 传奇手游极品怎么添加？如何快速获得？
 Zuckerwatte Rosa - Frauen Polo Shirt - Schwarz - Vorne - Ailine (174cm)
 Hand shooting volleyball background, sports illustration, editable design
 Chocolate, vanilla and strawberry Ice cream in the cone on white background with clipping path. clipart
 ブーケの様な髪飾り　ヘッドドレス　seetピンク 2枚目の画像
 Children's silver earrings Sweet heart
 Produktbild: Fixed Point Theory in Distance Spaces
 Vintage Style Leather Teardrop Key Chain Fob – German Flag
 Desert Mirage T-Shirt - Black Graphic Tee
...
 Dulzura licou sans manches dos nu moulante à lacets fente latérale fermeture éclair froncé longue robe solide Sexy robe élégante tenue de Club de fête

WHAT YOU SHOULD DO
Transcribe the lines above between the line holding "ブーケの様な髪飾り　ヘッドドレス　seetピンク 2枚目の画像" and the line holding "Desert Mirage T-Shirt - Black Graphic Tee", inclusive, exactly as they stand and with nothing added.

TASK ANSWER
 ブーケの様な髪飾り　ヘッドドレス　seetピンク 2枚目の画像
 Children's silver earrings Sweet heart
 Produktbild: Fixed Point Theory in Distance Spaces
 Vintage Style Leather Teardrop Key Chain Fob – German Flag
 Desert Mirage T-Shirt - Black Graphic Tee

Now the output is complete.